Üçüncü başlığımız ikincisini tamamlayıcı niteliğe sahip: Vatandaşların bu sistem içinde devletle olan ilişkileri nasıl yeniden formülize edilebilir sorularına yanıt aramak. Vatandaşlar olarak, “Denge denetleme sistemi içinde oynadığımız hayati rolün nasıl farkına varırız?”, “Yerelde bunu nasıl hayata geçiririz?”i konuşmak için; Diyarbakır, Kayseri, İzmir, Adana ve Samsun illerinde halk toplantıları düzenleyeceğiz. Medya mensupları, kanaat önderleri ve karar vericilerle görüşerek çalışmalarımızın çıktılarını paylaşacak ve ortaya çıkan önerilere destek arayacağız. Bir süredir bu görüşmeleri sürdürüyoruz ve çok iyi geri bildirimler alıyoruz. Görüştüğümüz isimler, anayasanın gündelik hayatımızda görünür hale gelmesinin önemi konusunda bizlerle aynı noktada durduklarını ifade ediyorlar.

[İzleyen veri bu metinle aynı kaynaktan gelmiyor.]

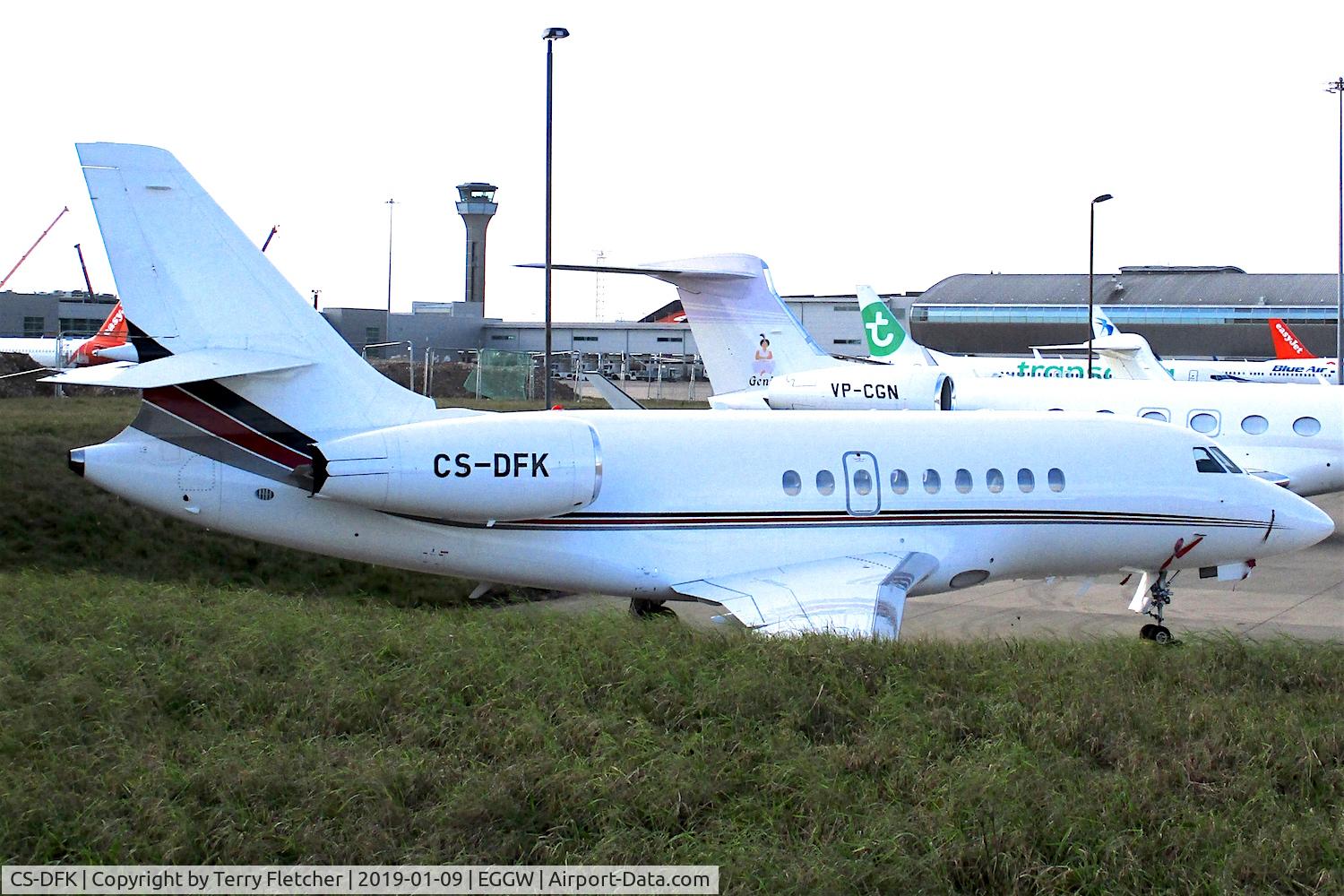 CS-DFK, 2006 Dassault Falcon 2000EX C/N 65, at Luton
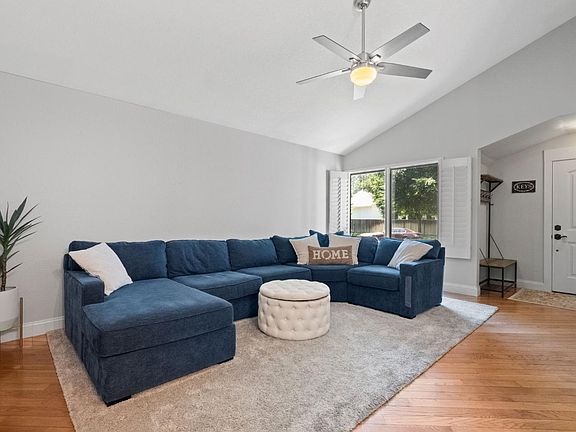 4th image of 9279 Cordellia Lane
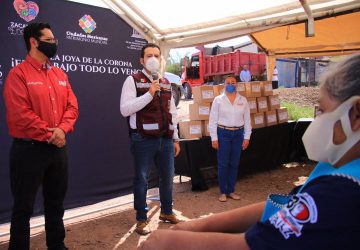 SUMANDO ESFUERZOS, ULISES MEJÍA HARO CONTINÚA CON ENTREGA DE APOYOS ALIMENTARIOS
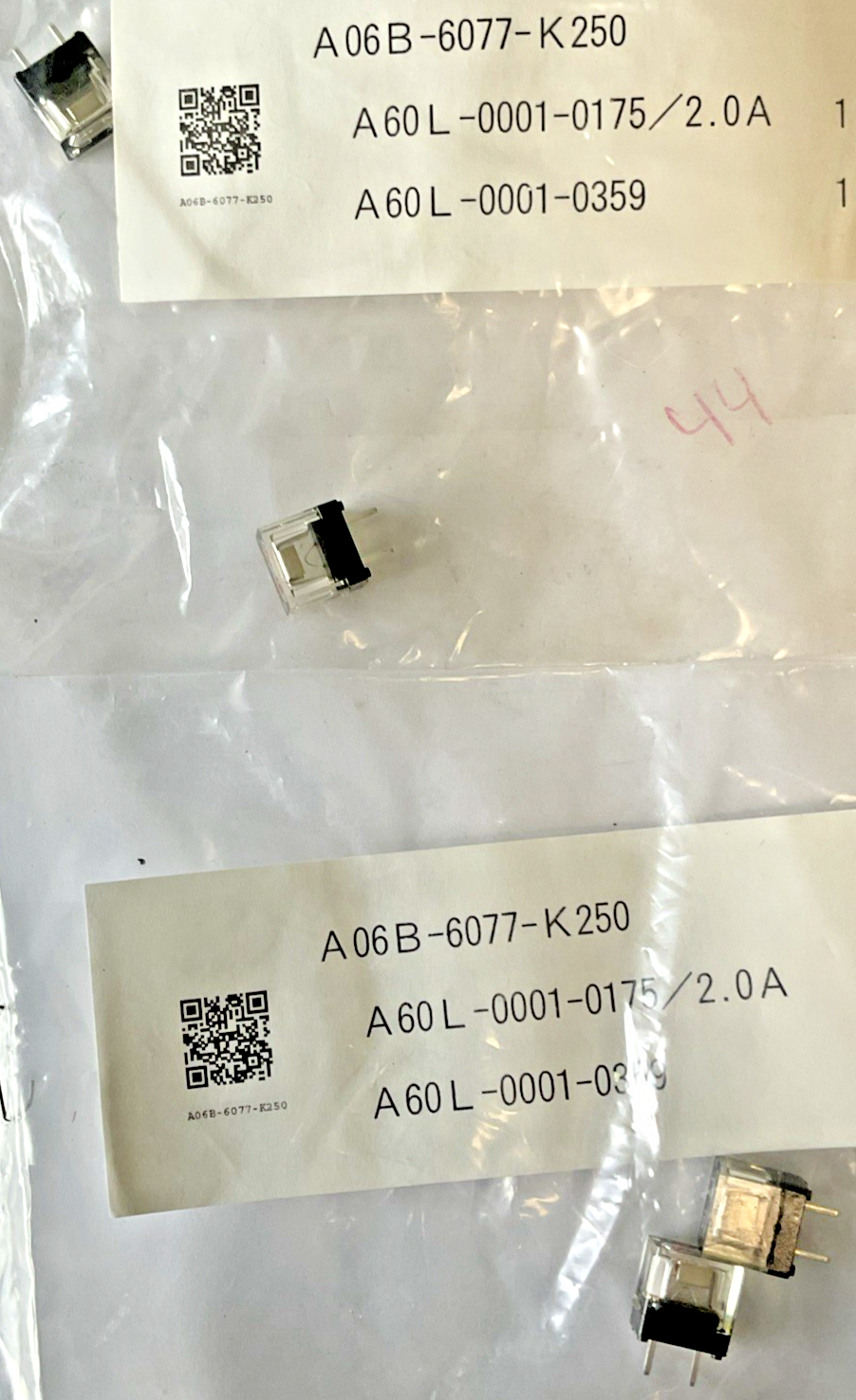 FANUC A06B-6077-K250 FUSE A60L-0001-0175 2.0A /A60L-0001-0359  ***LOTOF2***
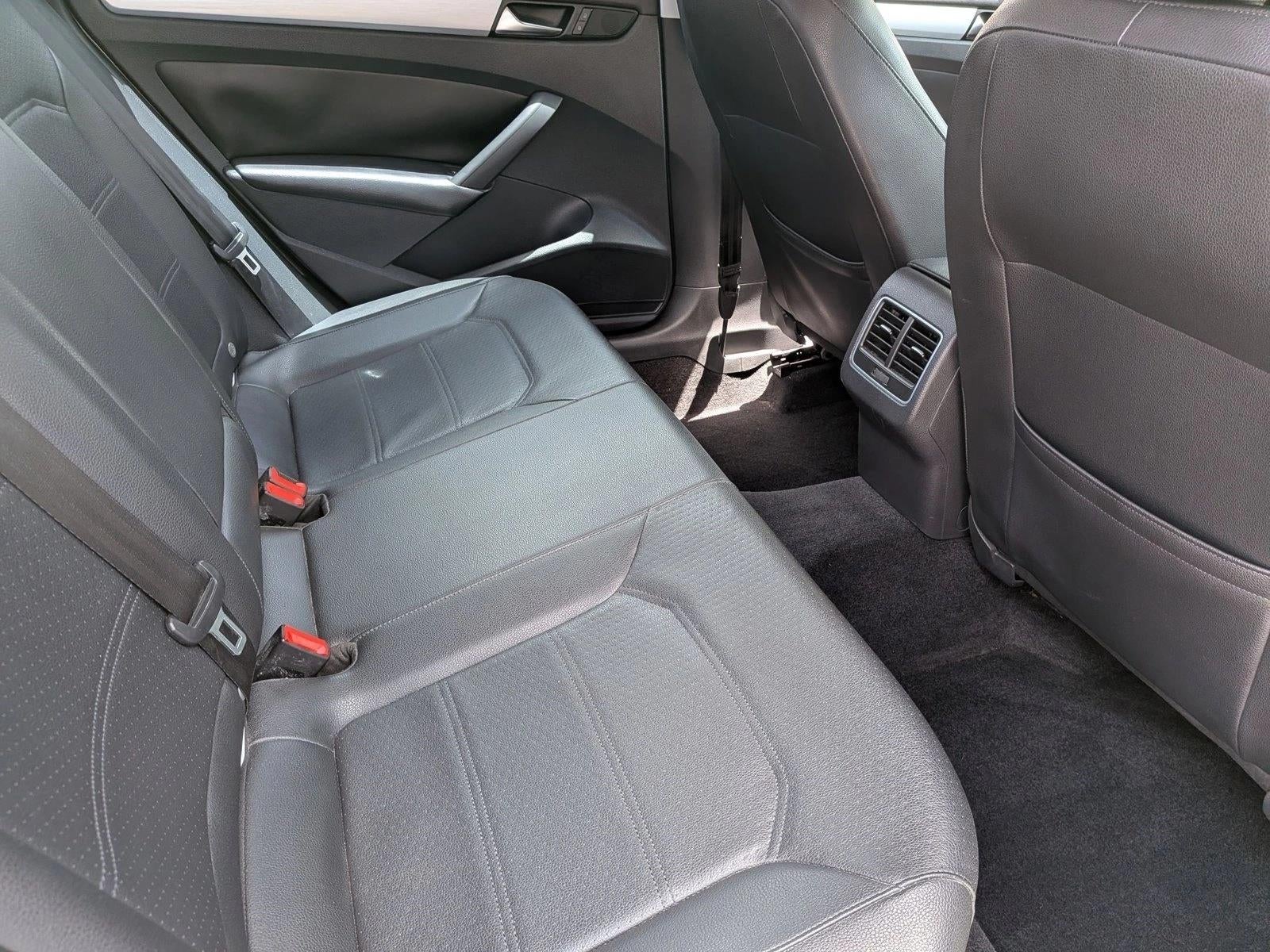 2013 Volkswagen Passat 4dr Sdn 2.5L Auto SE w/Sunroof PZEV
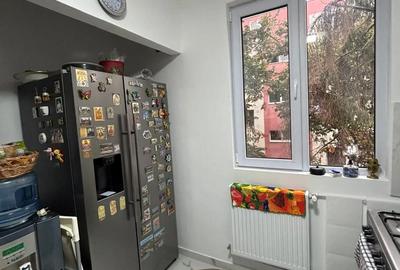 Apartament cu 3 camere decomandat în Rahova - 1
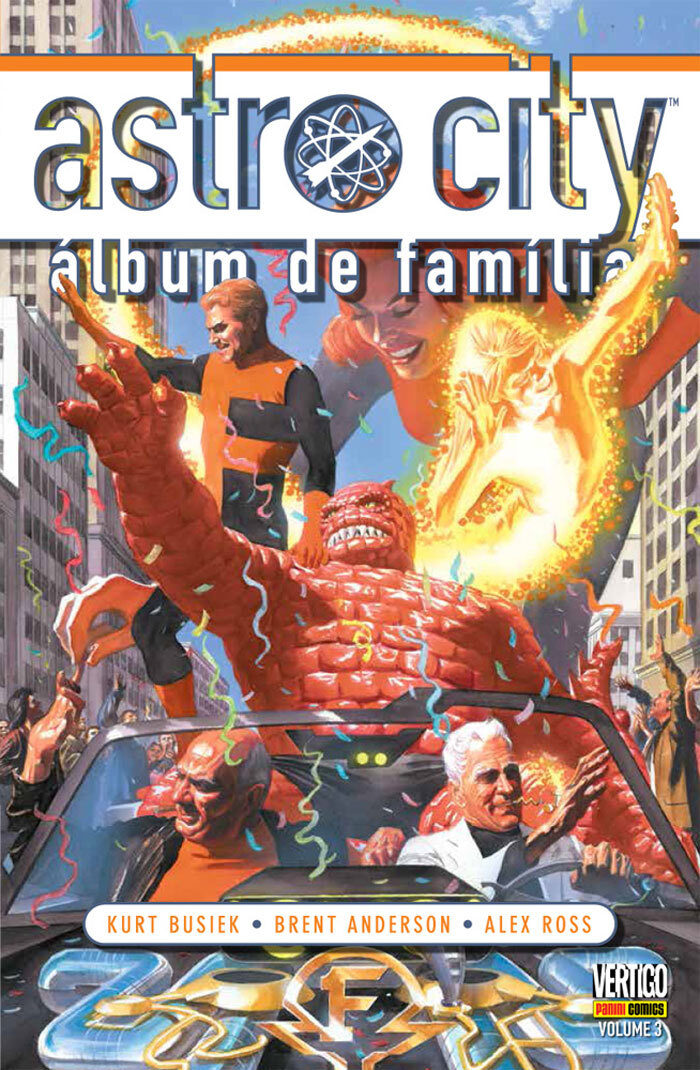 Astro City, Vol. 3: Álbum de Família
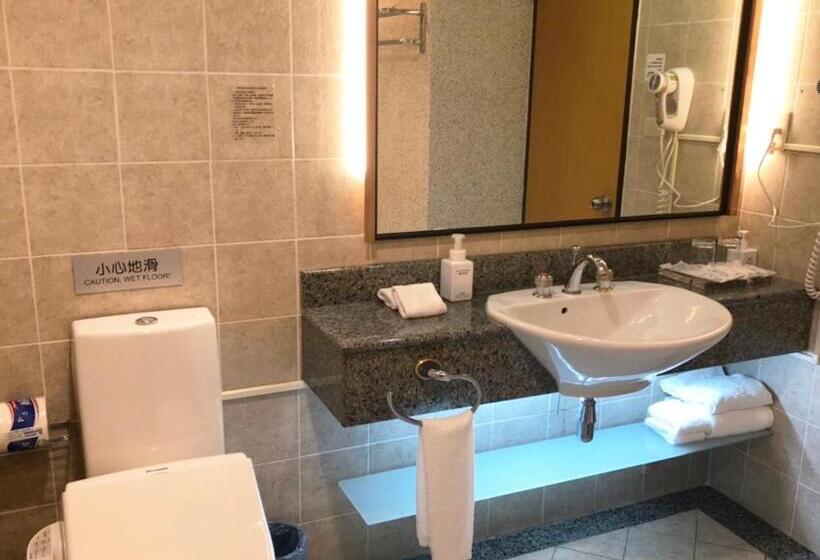 اتاق استاندارد چهار تخته, Les Champs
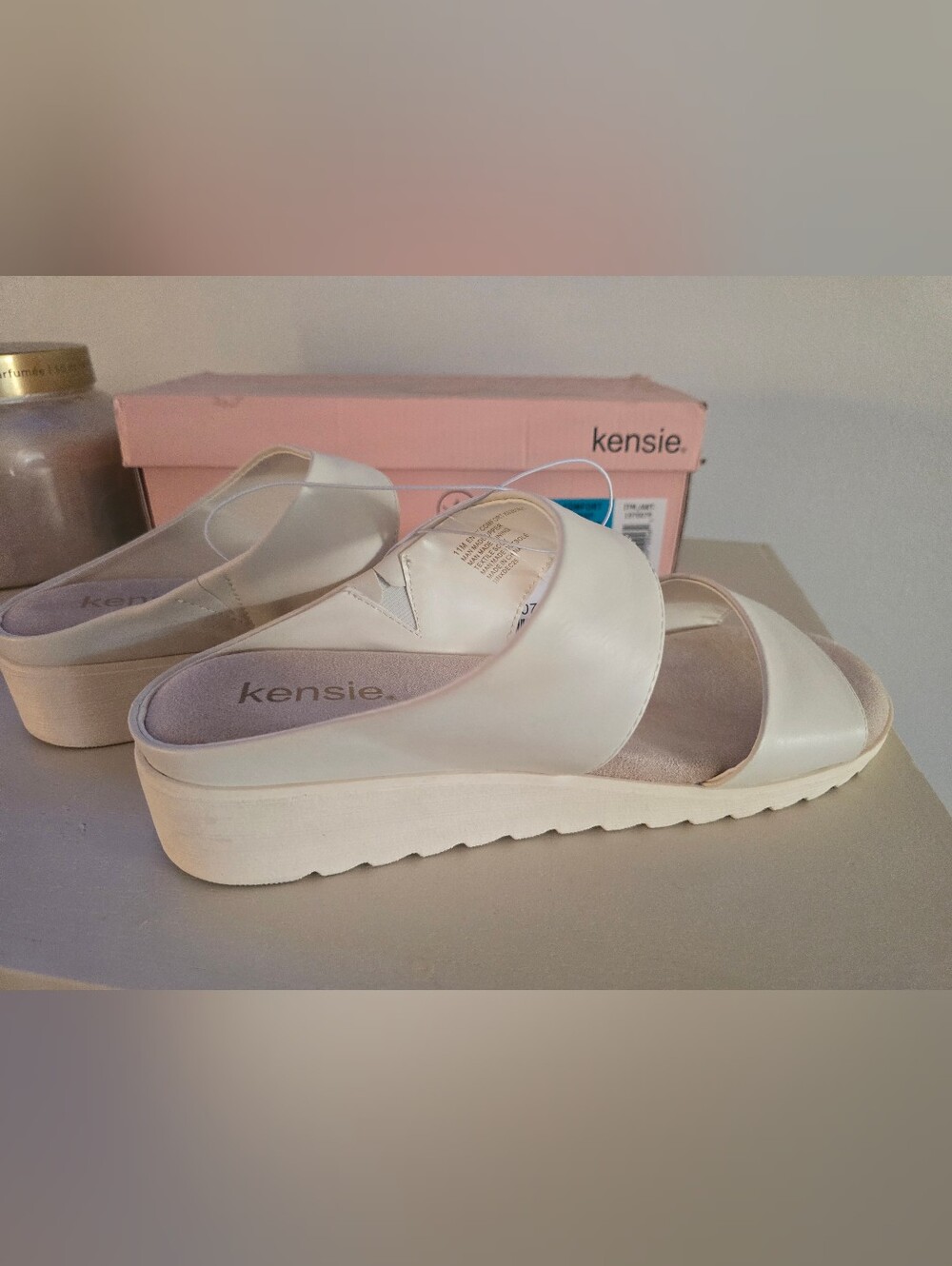 kensie Women's Ivory Slide Sandals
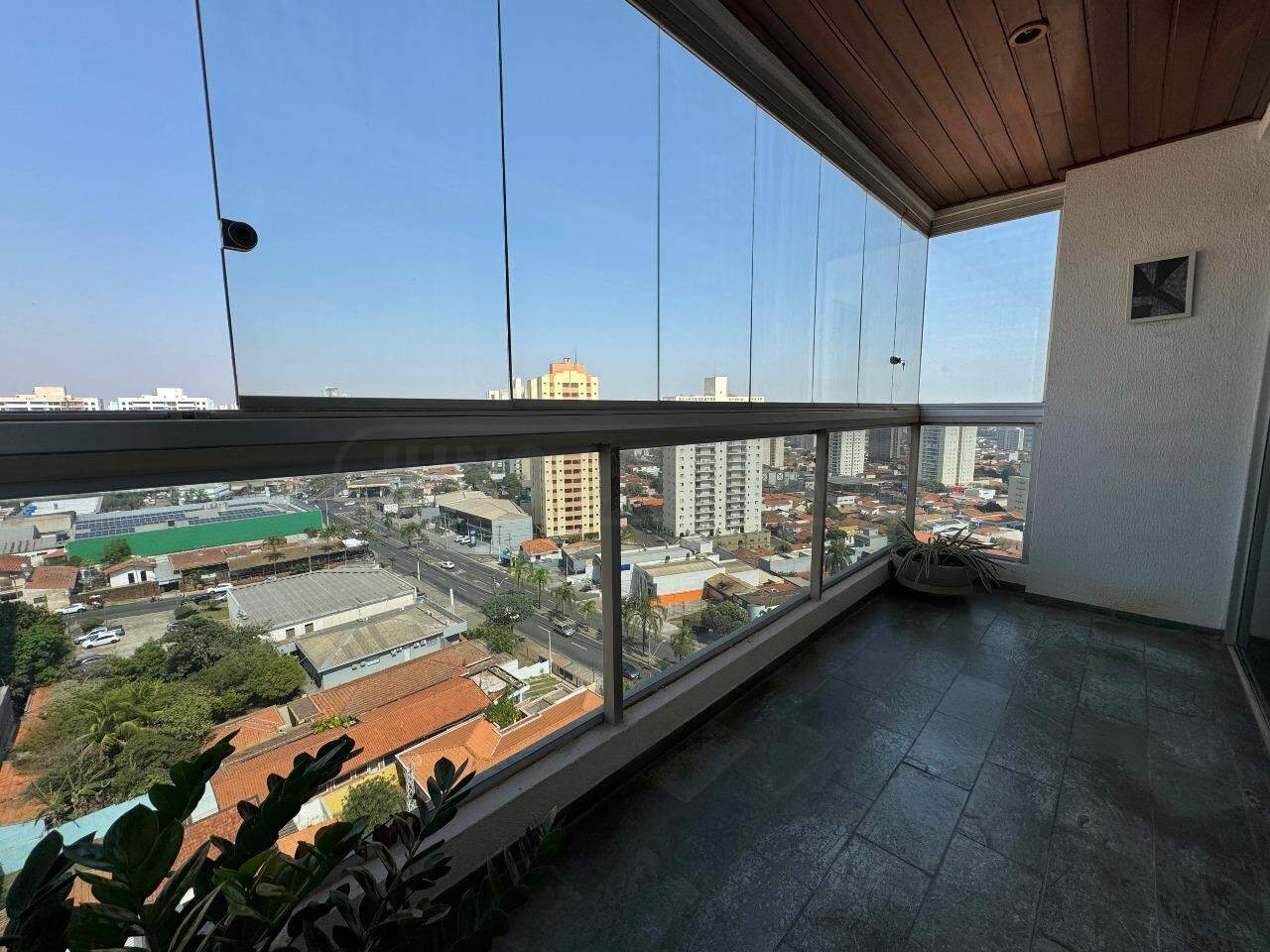 Apartamento à venda no Edifício Costa Verde, 3 quartos, sendo 1 suíte, 2 vagas, no bairro Vila Independência em Piracicaba - SP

Kampanyamız boyunca toplumun farklı kesimleri ile bir araya gelmeye; farklı kesimleri bir araya getirmeye devam edeceğiz. Sosyal medya üzerinden paylaşılacak çarpıcı içeriklerle anayasa yapım sürecinin yeniden gündeme gelmesi ve tartışılmasını sağlamak istiyoruz. Herkesi, bu gündemin bir parçası olmak için www.birarada.org adresinden ve sosyal medya hesaplarımızdan çalışmalarımıza destek olmaya çağırıyoruz.

Bol beklentili bir 2015

Yeni yıl için hedefimiz 2015 sonuna kadar 300 sivil toplum örgütünden oluşan etkin bir yapıya dönüşmek, diyaloğun ve uzlaşmanın gücünü tüm topluma ve karar vericilere göstermek olacak. Yılın ilk ayları BAK Kampanyasıyla yoğun geçecek. Sivil bir anayasanın toplumun tüm kesimlerinin dahil edildiği katılımcı bir süreç ile yapılmasını sağlamak için gündem oluşturmayı bırakmayacağız. BAK ile el ele yürüyecek bir başka süreç de, Siyasetin Şeffaf Finansmanı Kampanyası olacak. Bu kampanya, demokratikleşmenin önünü tıkadığına inandığımız seçim sistemi ve Siyasi Partiler Kanunun değiştirilmesi için çağrıda bulunacak.